Bewertung vom 10.10.2016
Killer-Tschick
Loibelsberger, Gerhard

Killer-Tschick


gut

Die Soko Donau wird zu einem Leichenfund gerufen, eine alte alleinstehende Dame, die Obduktion ergibt eine Vergiftung durch Arsen und Rattengift. Die Frau war eine starke Raucherin und konsumierte meistens Schmuggelware. In der Wohnung finden sie noch „Tschicks“ – österreichisch für Kippe – die einen hohen Giftgehalt aufweisen. Es wird nicht das einzige Opfer bleiben. Gleichzeitig ermitteln die Beamten bei einer Leiche, die gefoltert und mit hunderten Brandmalen im Prater gefunden wurde. Die Spuren führen zu Lu Dong, einem chinesischen Geschäftsmann, der nicht nur Restaurants betreibt, aber die Politik hält die Hand über ihn, vor allem in der Person von Kommerzialrat Danzenberger.
Penny Lanz und ihre Kollegen kommen üblen Machenschaften auf die Spur, aber noch übler scheint, dass der Gegner wohl immer einen Schritt voraus ist. Wem können sie noch trauen?
Der Krimi hat ein ordentliches Tempo und trickreiche Wendungen, die Handlung steigert sich in Rasanz und Spannung bis zum Schluss. Der Krimi ist lakonisch und witzig durch den Wiener Dialekt. Für alle, die dabei Hilfe brauchen: es gibt jede Menge Fußnoten und ein Glossar. Das Buch ist wirklich flott geschrieben und die Geschichte absolut realistisch, Wirtschaftskriminalität und Bandenkriege spielen auch in der Wirklichkeit eine große Rolle. Besonders in Wien, die Stadt ist schon traditionell ein Schmelztiegel und Einfallstor aus dem Osten. Es macht wirklich Spaß, diesen Roman zu lesen, der von den Figuren an eine bekannte österreichische TV-Serie angelehnt ist.
Lediglich das Coverbild hat mir persönlich nicht so gut gefallen, aber es soll wohl an die Fernsehserie erinnern.

Bewertung vom 10.10.2016
Brüder für immer
Kromhout, Rindert

Brüder für immer


ausgezeichnet

„Wenn Du vor mir stirbst, werde ich ein Buch über Dich schreiben“ Mit diesen Worten verabschiedet Quentin seinen geliebten und bewunderten großen Bruder, der in den spanischen Bürgerkrieg zieht.
Julian und Quentin Bell wachsen in einer liebevollen und unkonventionellen Familie heran.
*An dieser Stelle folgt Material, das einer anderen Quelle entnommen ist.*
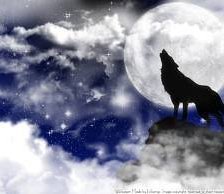 Схема вышивки «волк»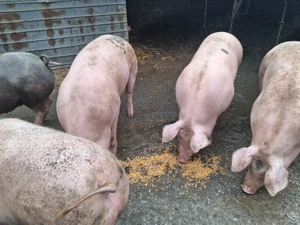 vând porci între 140-160kg - imagine 2
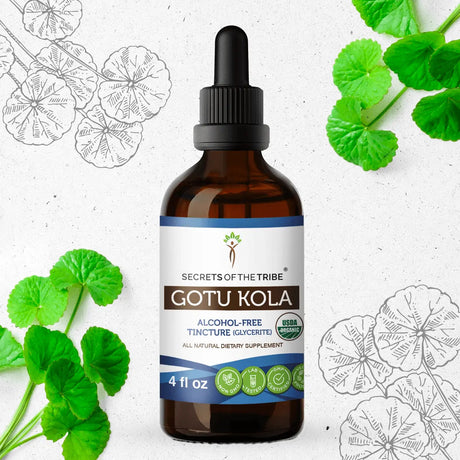 Secrets of the Tribe Gotu Kola Tincture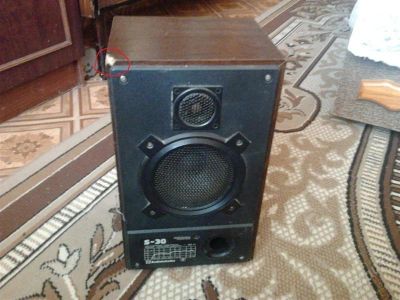 Лот: 1332696. Фото: 1. Колонка S30. Другое (бытовая техника)
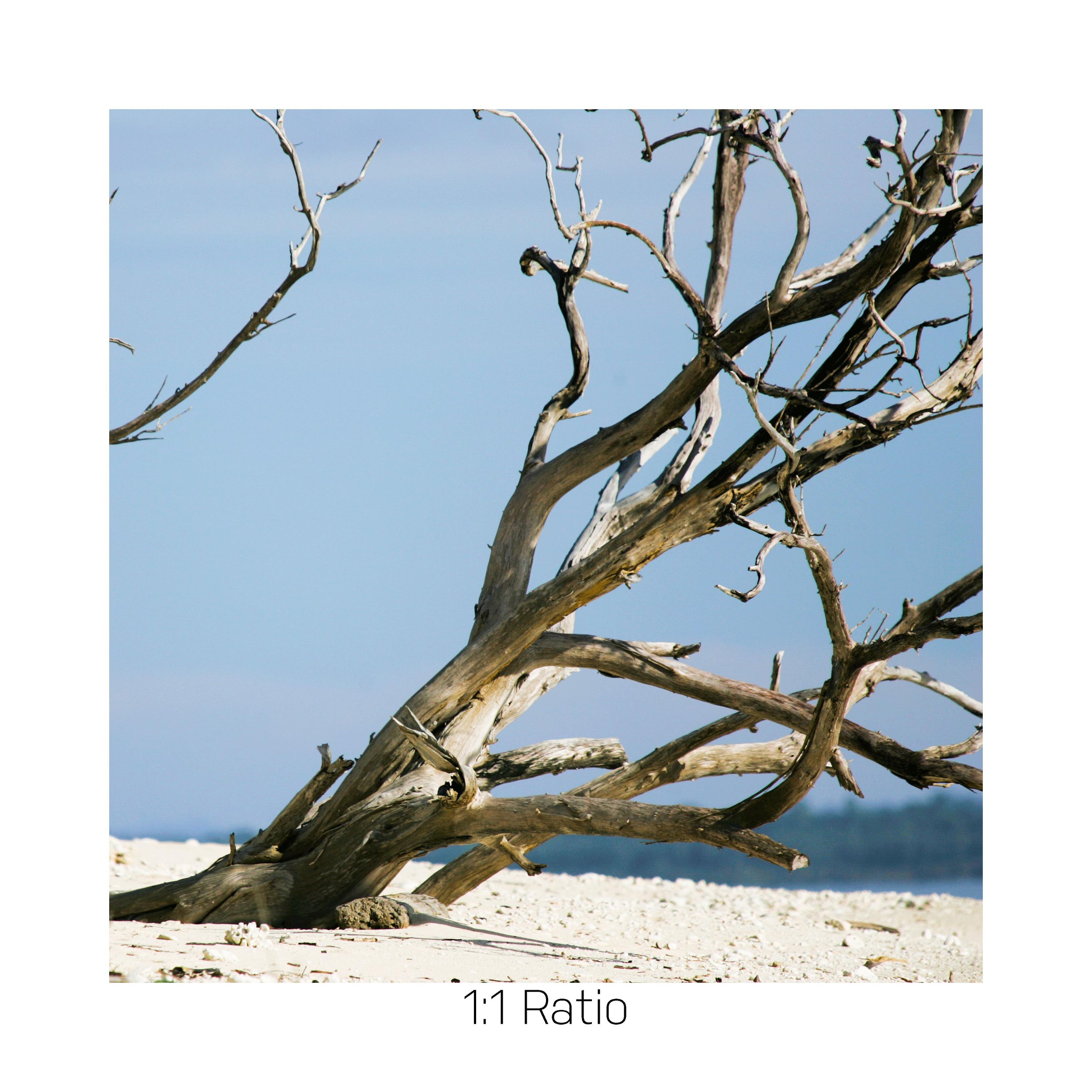 TwistedKnot_Color_12x12.jpg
Die Bindung zwischen den Brüdern ist eng, auch wenn sich der Altersunterschied im Lauf der Zeit immer deutlicher herausstellt. Mit 6 und 9 Jahren hat man viel mehr Gemeinsamkeiten, als mit 13 und 16, aber die tiefe Verbundenheit bleibt der beiden bleibt. Diese Geschichte ist viel mehr als eine Jugendgeschichte. Es geht ums Erwachsenwerden, Erfahrungen und Verletzungen. Wenn es sich bei der Familie um die Künstlerfamilie Vanessa und Clive Bell und Duncan Grant und Schwester und Schwager Virginia und Leonhard Woolf handelt, weiß man, dass es eine besondere Kindheit und Jugend war.
Es ist ein Roman, den Erwachsene mit genauso viel Gewinn lesen können, wie Jugendliche. Rindert Kromhout hat eine einfühlsame Stimme für Quentin Bell gefunden, dass ich fast meinte, Quentin selbst zuzuhören. Wer ein wenig über die Familien weiß, wird sich sofort heimisch fühlen. Mit Virginia Woolf als Tante ist der Lebensweg als Schriftsteller für Quentin vorgezeichnet, vor allem wenn man als Kind so liebevolle Förderung erfährt.
Es war allerdings mehr ein Familienroman über die bedeutenden Mitglieder der Bloomsbury Group, als nur über Julian und Quentin. Die Beziehungen der Erwachsenen untereinander, die künstlerische Entwicklung und Erfolge als Maler, Schriftsteller und Verleger nehmen einen großen Raum ein.
Ich habe das Buch einfach nur fasziniert gelesen, auch wenn es ein Roman ist, es spiegelt die künstlerische Aufbruchsstimmung der 20iger/30iger Jahre wieder und ist ein Leseerlebnis für junge Menschen und Erwachsene.
Ein wirklich besonderes Buch.

Bewertung vom 08.10.2016
Küstenbrut
Behn, Anja

Küstenbrut


ausgezeichnet

Im Kalender einer ermordeten Galeristin wird die Visitenkarte des Kunsthistorikers Professor Richard Gruben gefunden. Der örtliche Polizist Bert Mulsow kennt Gruben schon aus einer anderen Ermittlung und nutzt die Verbindung, Gruben an die Ostsee einzuladen um eine Einschätzung der Galerie und Kunstwerke vorzunehmen – auf dem kleinen Dienstweg sozusagen.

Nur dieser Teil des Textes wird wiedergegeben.